━━ SUPPLIED DATA

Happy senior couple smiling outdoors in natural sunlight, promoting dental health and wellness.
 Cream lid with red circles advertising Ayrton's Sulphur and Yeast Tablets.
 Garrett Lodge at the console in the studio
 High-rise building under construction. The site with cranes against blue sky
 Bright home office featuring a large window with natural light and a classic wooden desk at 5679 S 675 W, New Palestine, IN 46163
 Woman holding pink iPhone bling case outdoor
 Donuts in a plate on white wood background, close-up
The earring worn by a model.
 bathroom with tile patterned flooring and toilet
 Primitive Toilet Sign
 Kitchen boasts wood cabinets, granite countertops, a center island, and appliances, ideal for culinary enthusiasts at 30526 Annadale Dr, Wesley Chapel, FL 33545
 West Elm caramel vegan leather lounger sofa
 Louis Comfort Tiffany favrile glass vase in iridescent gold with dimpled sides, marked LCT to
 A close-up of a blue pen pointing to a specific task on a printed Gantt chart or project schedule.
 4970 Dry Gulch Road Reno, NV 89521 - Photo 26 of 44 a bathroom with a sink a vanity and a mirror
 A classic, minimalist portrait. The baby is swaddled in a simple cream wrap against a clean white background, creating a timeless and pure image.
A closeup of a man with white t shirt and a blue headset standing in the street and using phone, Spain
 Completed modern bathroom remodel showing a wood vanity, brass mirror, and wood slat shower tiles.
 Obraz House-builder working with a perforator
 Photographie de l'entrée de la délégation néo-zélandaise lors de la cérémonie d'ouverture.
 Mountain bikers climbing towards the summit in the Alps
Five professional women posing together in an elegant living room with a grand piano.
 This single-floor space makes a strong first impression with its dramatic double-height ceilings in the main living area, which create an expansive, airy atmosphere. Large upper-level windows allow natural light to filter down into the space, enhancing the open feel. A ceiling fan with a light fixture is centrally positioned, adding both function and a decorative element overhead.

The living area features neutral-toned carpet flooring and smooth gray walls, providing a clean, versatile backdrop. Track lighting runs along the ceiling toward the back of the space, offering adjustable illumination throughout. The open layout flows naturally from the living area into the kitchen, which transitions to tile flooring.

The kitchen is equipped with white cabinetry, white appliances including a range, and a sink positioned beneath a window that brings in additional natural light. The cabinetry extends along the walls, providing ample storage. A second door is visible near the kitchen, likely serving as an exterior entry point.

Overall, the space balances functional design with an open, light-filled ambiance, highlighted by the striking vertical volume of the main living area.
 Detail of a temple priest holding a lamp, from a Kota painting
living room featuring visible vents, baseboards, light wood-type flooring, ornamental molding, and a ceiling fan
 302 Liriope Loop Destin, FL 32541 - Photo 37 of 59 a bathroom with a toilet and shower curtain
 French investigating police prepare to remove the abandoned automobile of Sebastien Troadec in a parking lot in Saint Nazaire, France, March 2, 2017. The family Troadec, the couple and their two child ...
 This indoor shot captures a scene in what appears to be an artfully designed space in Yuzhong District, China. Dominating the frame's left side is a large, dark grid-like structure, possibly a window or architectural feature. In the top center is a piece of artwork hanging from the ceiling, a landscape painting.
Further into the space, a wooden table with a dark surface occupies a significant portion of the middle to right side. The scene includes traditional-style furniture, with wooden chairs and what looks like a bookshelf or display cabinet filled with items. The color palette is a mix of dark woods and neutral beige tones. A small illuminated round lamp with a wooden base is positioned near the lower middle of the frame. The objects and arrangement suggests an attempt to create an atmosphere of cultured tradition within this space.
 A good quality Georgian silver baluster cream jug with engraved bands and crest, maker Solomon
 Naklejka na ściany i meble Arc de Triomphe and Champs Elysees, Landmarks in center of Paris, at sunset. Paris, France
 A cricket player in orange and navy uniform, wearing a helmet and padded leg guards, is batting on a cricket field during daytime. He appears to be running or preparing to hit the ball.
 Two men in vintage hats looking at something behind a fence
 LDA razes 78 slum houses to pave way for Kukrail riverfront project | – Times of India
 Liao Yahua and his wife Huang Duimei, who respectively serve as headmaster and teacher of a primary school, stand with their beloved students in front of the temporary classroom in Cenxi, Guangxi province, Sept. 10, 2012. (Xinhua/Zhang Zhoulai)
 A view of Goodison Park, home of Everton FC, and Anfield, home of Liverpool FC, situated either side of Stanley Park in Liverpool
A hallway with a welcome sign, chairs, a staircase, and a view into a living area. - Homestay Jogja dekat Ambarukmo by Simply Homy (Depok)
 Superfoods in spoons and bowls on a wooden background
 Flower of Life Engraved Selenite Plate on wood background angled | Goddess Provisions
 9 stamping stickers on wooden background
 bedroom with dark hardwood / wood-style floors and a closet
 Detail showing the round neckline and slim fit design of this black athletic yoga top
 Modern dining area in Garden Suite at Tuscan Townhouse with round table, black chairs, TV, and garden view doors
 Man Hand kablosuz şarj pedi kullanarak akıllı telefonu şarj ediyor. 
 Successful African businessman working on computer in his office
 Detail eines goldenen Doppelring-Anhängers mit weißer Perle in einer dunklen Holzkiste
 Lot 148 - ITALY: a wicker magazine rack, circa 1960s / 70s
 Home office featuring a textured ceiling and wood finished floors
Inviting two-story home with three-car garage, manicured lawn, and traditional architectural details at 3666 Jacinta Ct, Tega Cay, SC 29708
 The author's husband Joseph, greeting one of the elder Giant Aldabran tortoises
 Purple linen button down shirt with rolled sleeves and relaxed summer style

━━━━

EXERCISE DETAILS:
Your answer must be the lines above from the one containing "Five professional women" to the one containing "This single-floor space", both included, restated word for word.

RESULT OF THIS EXERCISE:
Five professional women posing together in an elegant living room with a grand piano.
 This single-floor space makes a strong first impression with its dramatic double-height ceilings in the main living area, which create an expansive, airy atmosphere. Large upper-level windows allow natural light to filter down into the space, enhancing the open feel. A ceiling fan with a light fixture is centrally positioned, adding both function and a decorative element overhead.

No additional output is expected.